# Urban growth modeling in GRASS GIS: Parallel computing case study
The purpose of this notebook is to demonstrate several parallel computing principles and how they are implemented in GRASS GIS.
We use FUTURES urban growth model implemented as a GRASS GIS addon [r.futures](https://grass.osgeo.org/grass-stable/manuals/addons/r.futures.html).

This notebook uses a [prepared dataset](https://doi.org/10.5281/zenodo.6577922). This dataset is a GRASS GIS Location containing:
 * [NLCD 2001-2019](https://www.mrlc.gov/) (National Land Cover Database; land use and impervious surface descriptor)

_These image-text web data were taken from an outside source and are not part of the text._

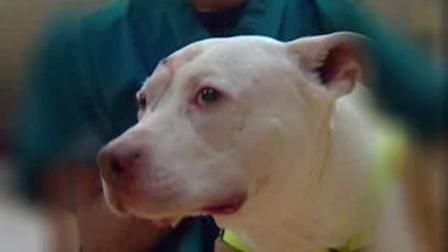 Kilo the Pit Bull Kilo the Pit Bull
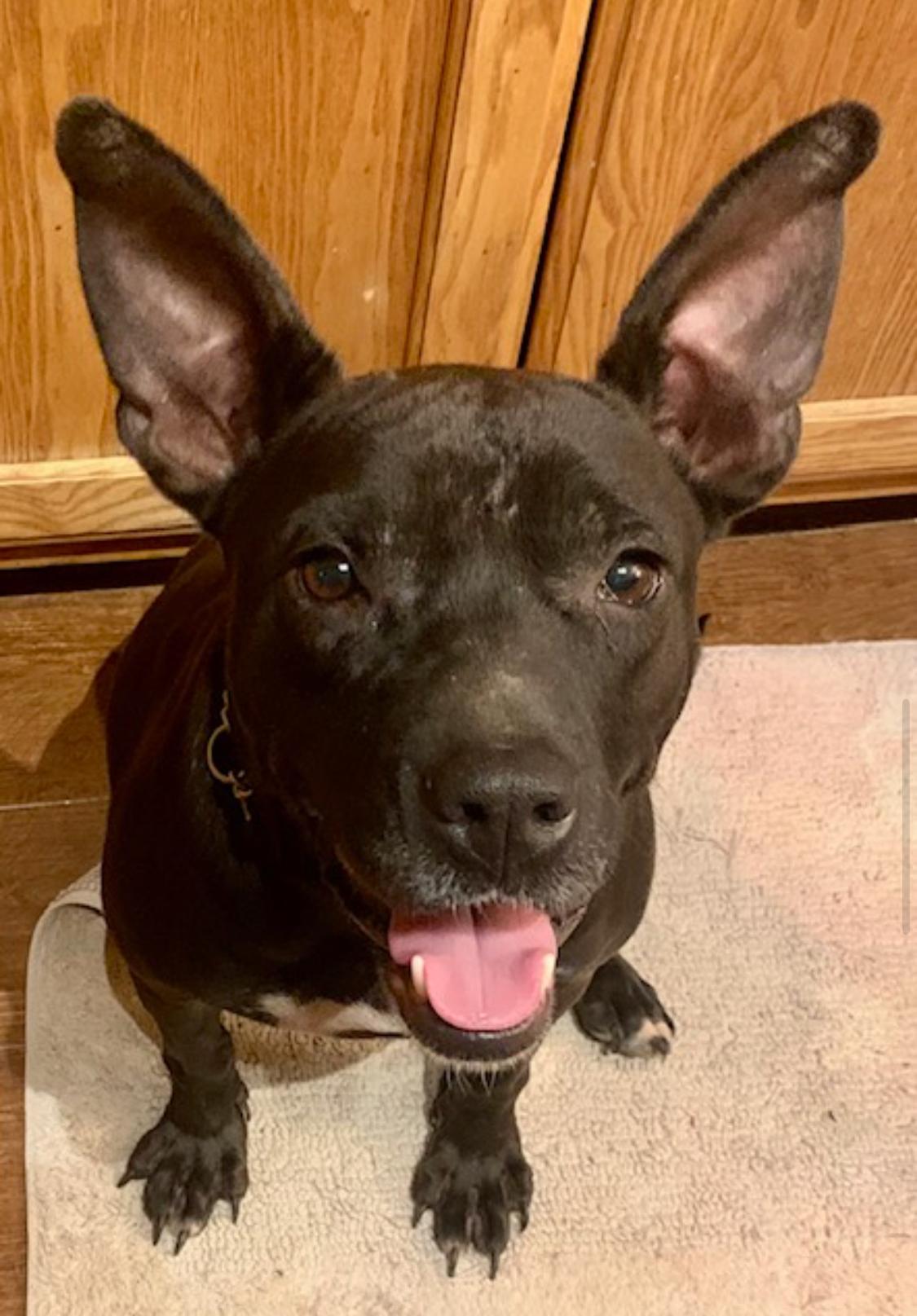 Madeline, Adoptable, Adult Female Terrier.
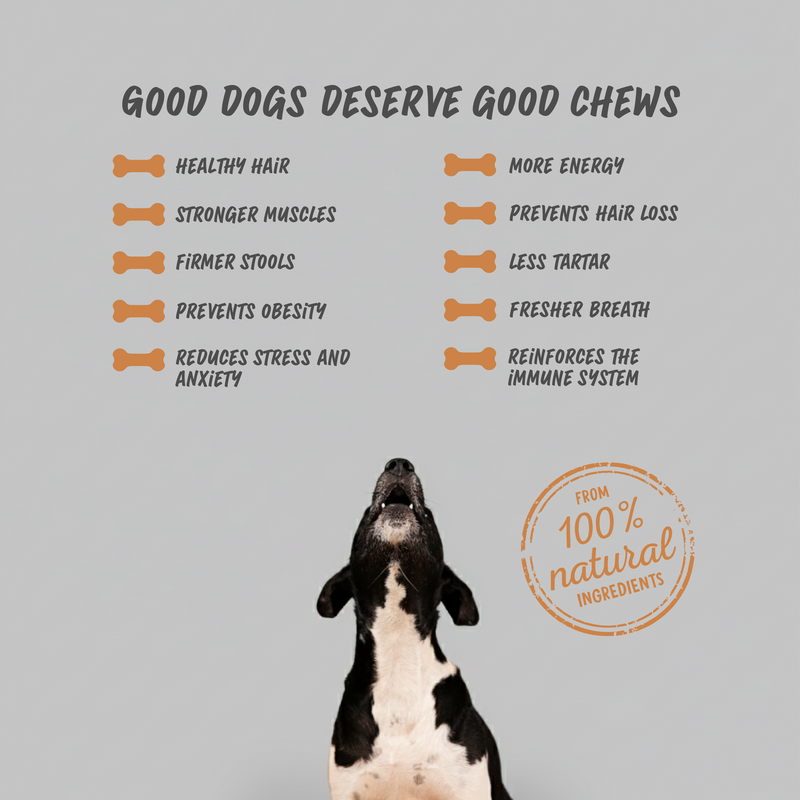 Laikabone Dog Dental Chew - Ost og jordnøddesmør (BOX)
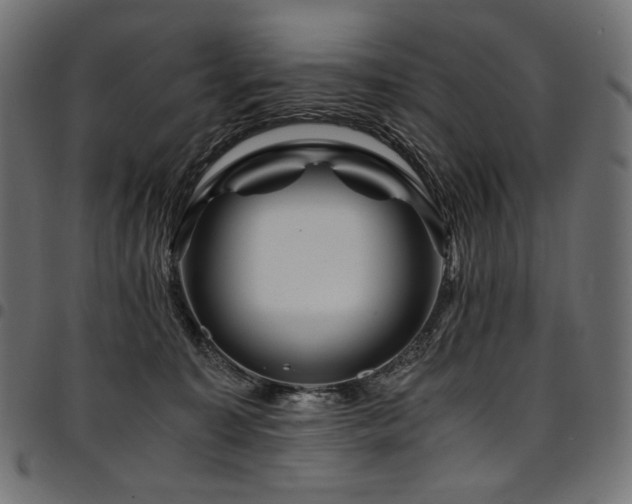 X0000095540323200712141530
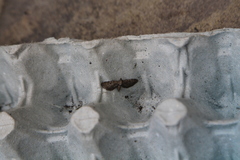 Eupithecia intricata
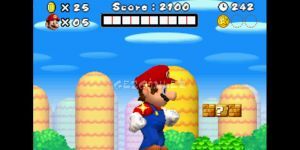 New Super Mario Bros indir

 * [US county boundaries](https://www.census.gov/geographies/mapping-files/time-series/geo/tiger-line-file.html)
 * [US-PAD protected areas](https://www.usgs.gov/programs/gap-analysis-project/science/pad-us-data-overview)
 * [USGS DEM](https://www.usgs.gov/3d-elevation-program/about-3dep-products-services)
 
Population files were downloaded from [Zenodo](https://doi.org/10.5281/zenodo.6577903).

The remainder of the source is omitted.